[PROBLEM] Omit the images, then output each of the records below exactly.

*** EXERCISE MATERIALS Section Begins ***

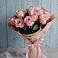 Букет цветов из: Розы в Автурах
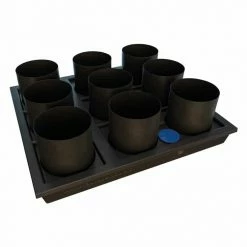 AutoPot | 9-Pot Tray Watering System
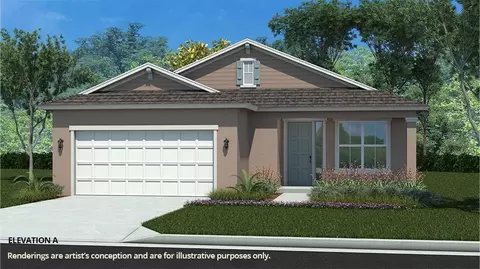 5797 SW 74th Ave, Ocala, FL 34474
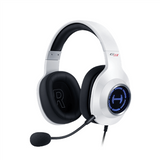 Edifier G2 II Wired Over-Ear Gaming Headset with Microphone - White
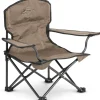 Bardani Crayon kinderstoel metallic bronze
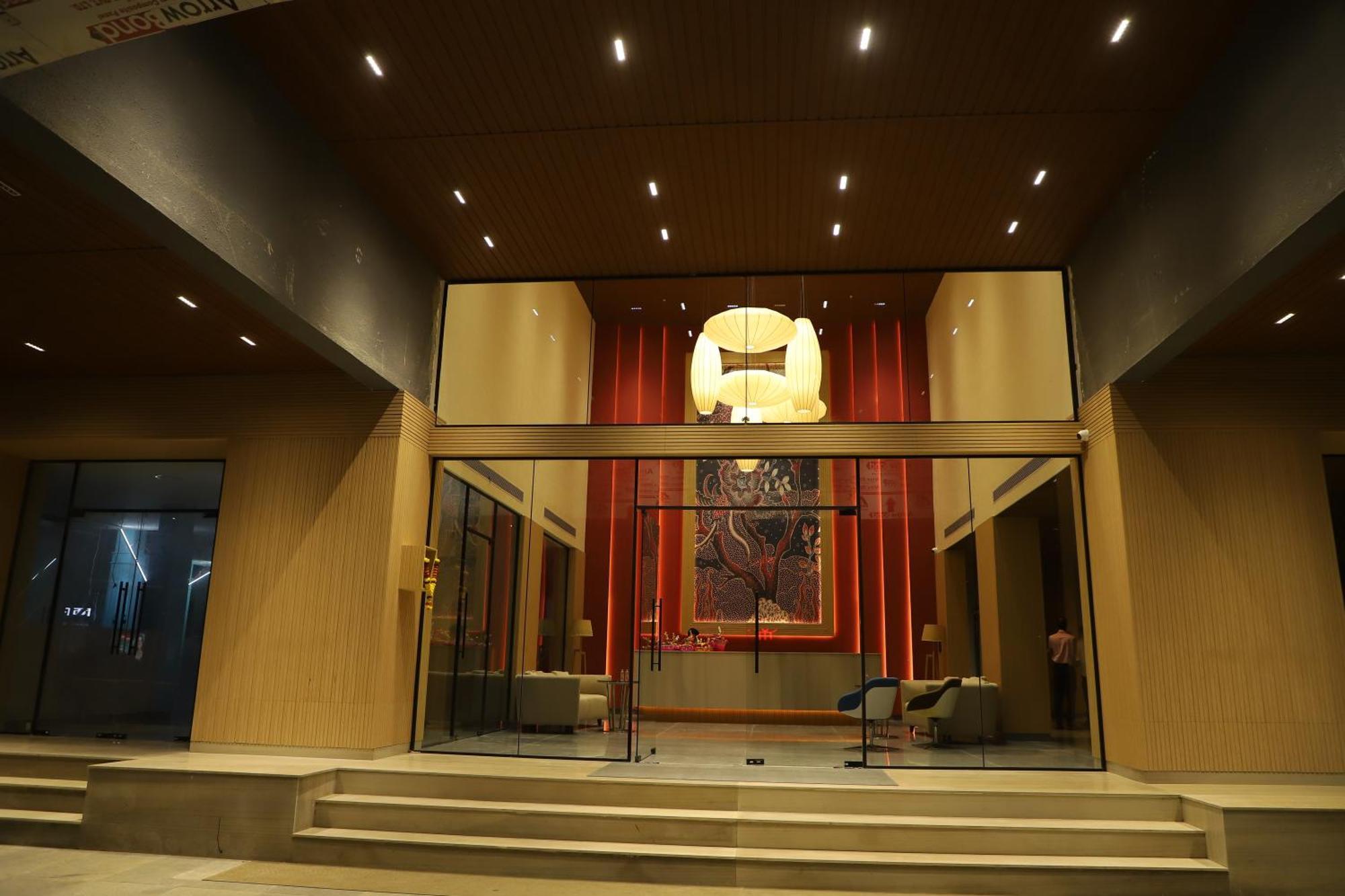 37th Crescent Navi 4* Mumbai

*** EXERCISE MATERIALS Section Ends ***

[FINISHED EXERCISE]
 Букет цветов из: Розы в Автурах
 AutoPot | 9-Pot Tray Watering System
 5797 SW 74th Ave, Ocala, FL 34474
 Edifier G2 II Wired Over-Ear Gaming Headset with Microphone - White
 Bardani Crayon kinderstoel metallic bronze
 37th Crescent Navi 4* Mumbai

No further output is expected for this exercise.